E-commerce places a demand on IT resources, human and computer, beyond security, says Niv. Developments have to be rushed to market to stay ahead of competition. “Change can get overwhelming and what suffers is security.”
The management of security suffers particularly, he says. Security procedures are decided for each platform at the time it is set up and no one has the big picture of who in the company is allowed to go where on the network and access what files and databases. Centralised management, Niv says, ensures there is one password or limited set of passwords for each user. It gives the user more control and responsibility for changing his/her own password at any time. As long as there is a central record, there is little risk of personally managed changes creating inconsistencies.

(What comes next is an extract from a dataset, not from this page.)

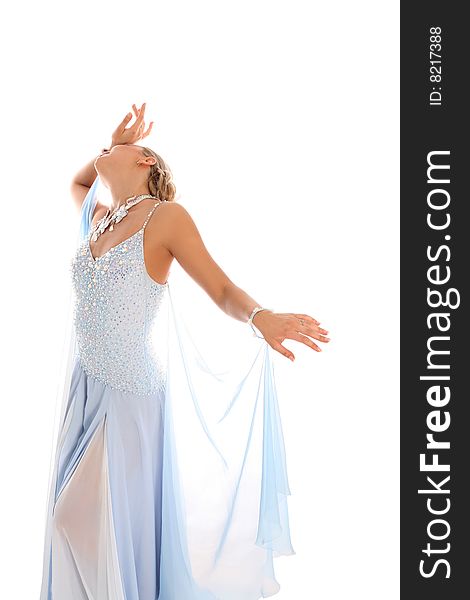 Dancer in classical blue-white dress isolated in white. Dancer in classical blue-white dress isolated in white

Coordinated passwords avoid what Niv calls the “sunflower effect” – the forest of yellow Post-It notes stuck to the edge of the computer screen as a reminder of multiple passwords. BMC had visited one overseas installation – which Niv and other spokesmen decline to identify - “where the security administrator had 33 passwords written on the whiteboard in his office.”

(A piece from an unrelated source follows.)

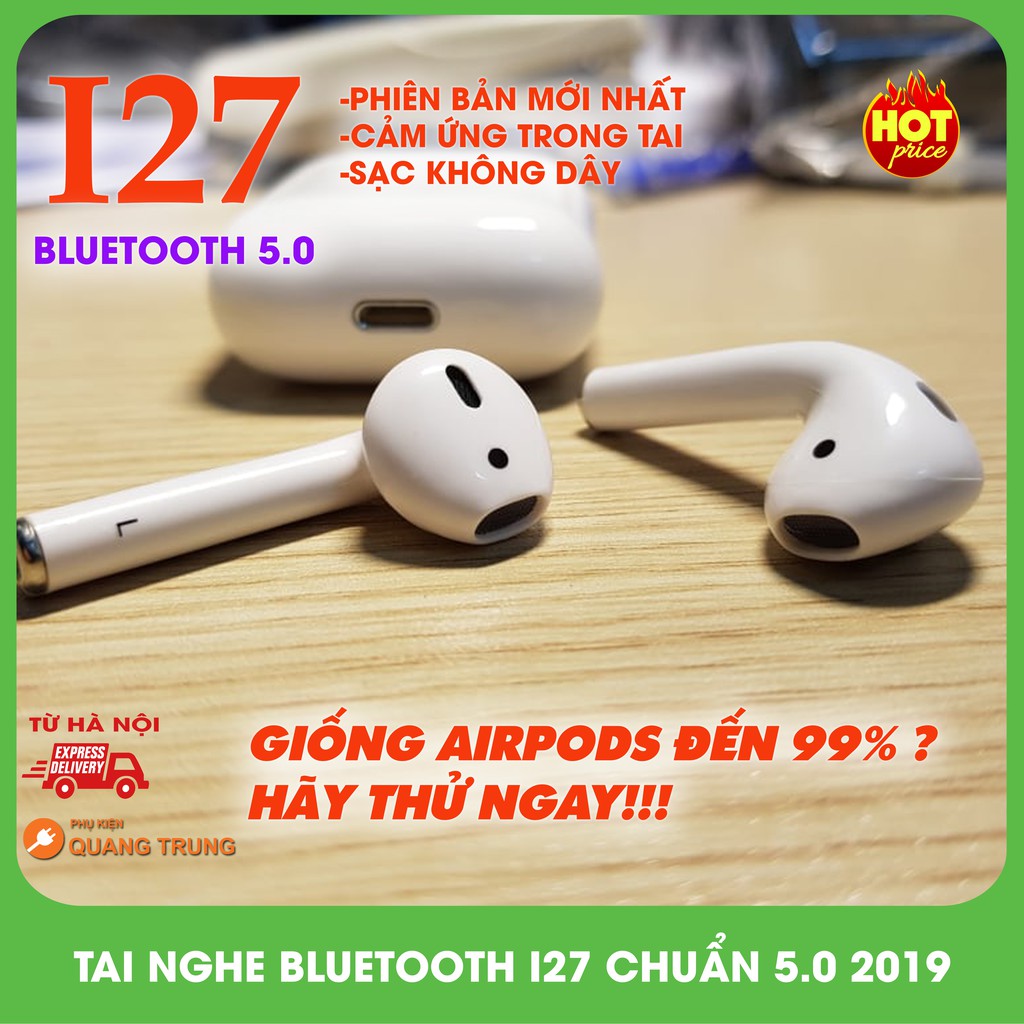 Tai nghe i27,Tai nghe bluetooth airpods i27 chuẩn bluetooth 5.0,sạc không dây,cảm ứng trong tai,tai nghe bluetooth i27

BMC's solution, in the form of Incontrol for Security Management, came out of its takeover of Israeli firm New Dimension Software. BMC’s security research and development is still concentrated in Israel, where Niv is based.
User ID and password is still sufficient security for most applications, Niv says, but public-key infrastructures “will take over in time”. Three years ago, PKI “attracted a lot of hype”, he says, but it was too complex for many organisations, even larger ones, to implement. The task has eased slightly, but constructing a PKI is still a major task likely to consume “big chunks of money”.
BMC is ready to support PKI and in general is “making our solutions open to all those alternative methods, including biometrics,” says Sydney-based programme manager Andi Mann.
Niv was in New Zealand to visit some of the corporates it sees as its most promising prospects and to link with potential partners such as the Big Five consultancies locally. He had not been to see the people at the State Services Commission’s e-government unit – enmeshed in security implementation and seeing a role as a disseminator of the security gospel to New Zealand businesses.